Netpol wants to identify how the new legislation is used by different police forces and emerging patterns of non-compliance with their human rights obligations.

In the course of considering the new legislation in 2021, Parliament’s Joint Committee on Human Rights discovered the police were unaware of how often they used the powers they already had to restrict demonstrations.

Our benchmark is not the police powers that existed up to 2021 – these are already too open to disproportionate misuse – but the Charter for Freedom of Assembly Rights.

The key questions we are seeking answers to include:

  • Are the police now imposing conditions and restrictions on protests more often and what justifications are they using?
  • How often are the police imposing conditions and restrictions on protests specifically because of an alleged risk that noise will cause ‘serious disruption’?
  • How often are the police now using powers to make arrests for breaching conditions imposed on a protest, particularly because a demonstrator “ought to have known” that restrictions were in place?
  • How often are the police now using powers to make arrests for wilful obstruction of the highway or “intentionally or recklessly causing a public nuisance” and how often are campaigners charged and convicted?
  • Are people discouraged from taking part in protests or actions by tougher restrictions?
  • Have new powers led to an increase in police surveillance and what form does this take?

We need you to let us know when these new powers are used and who is most targeted by them.

This includes personal stories from campaigners but also data on restrictions and arrests if you are, for example, organising a series of protests (as Just Stop Oil have done), or a demonstration (like the DSEi arms fair protests in London) over the course of a week.
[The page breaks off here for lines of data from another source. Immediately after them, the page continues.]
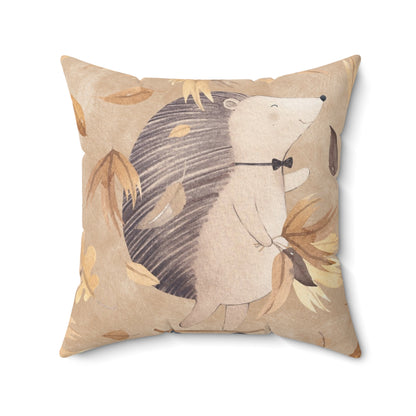 Autumn Hedgehog Spun Polyester Square Pillow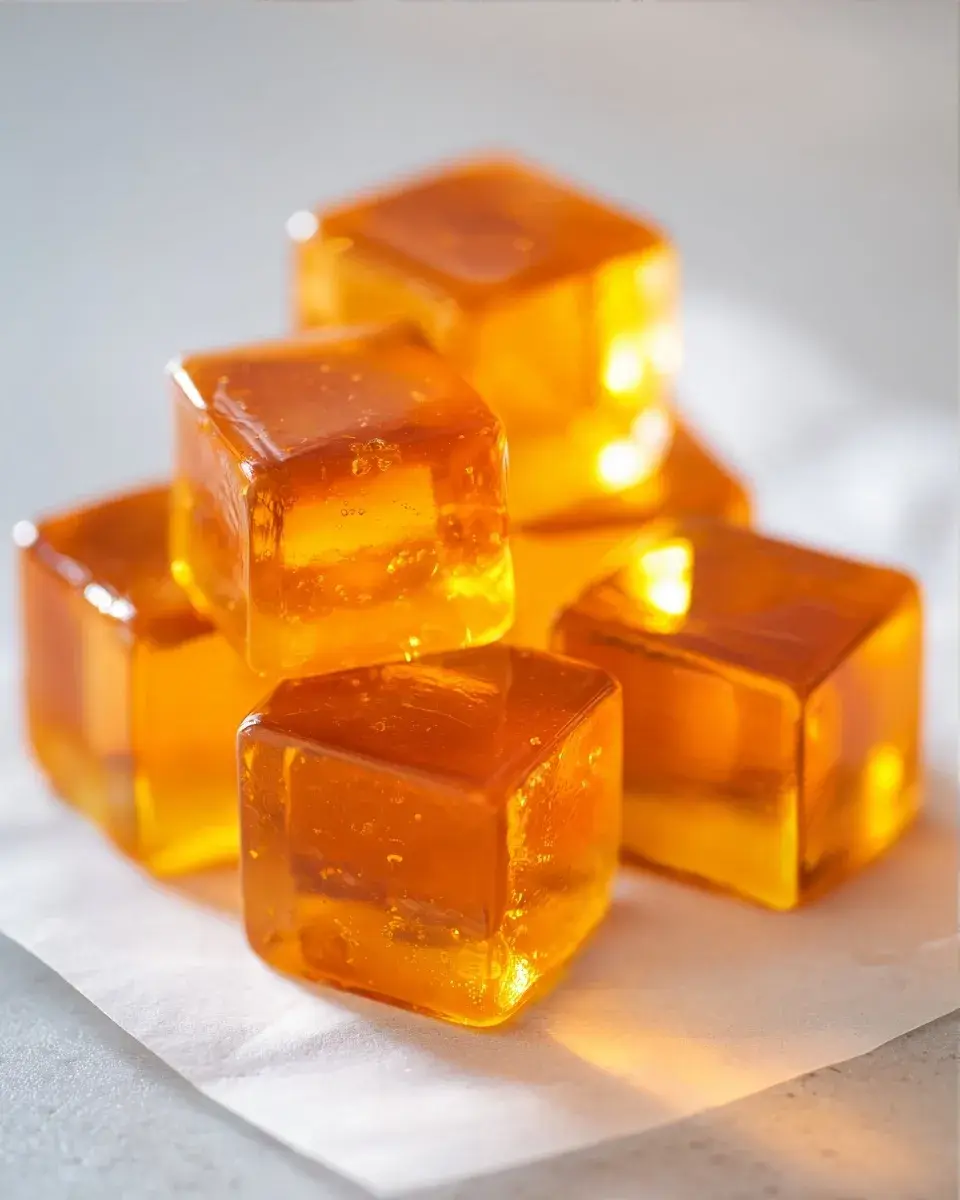 Extreme close-up of the smooth, translucent surface of chamomile gelatin.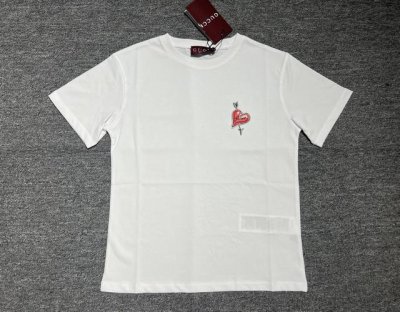 gu-W， ,绣小爱心T恤，原版开发， 白Sml，现货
We also welcome contributions from individual campaigners who have been discouraged from organising or taking part in protests because of strict conditions imposed upon them.

Campaigns that use direct action and civil disobedience tactics already know from government ministers that they are in the frame. But we are equally keen to track the treatment by police of grassroots unions like UVW and IWGB and protests by tenants’ rights groups like Acorn and the London Renters’ Union.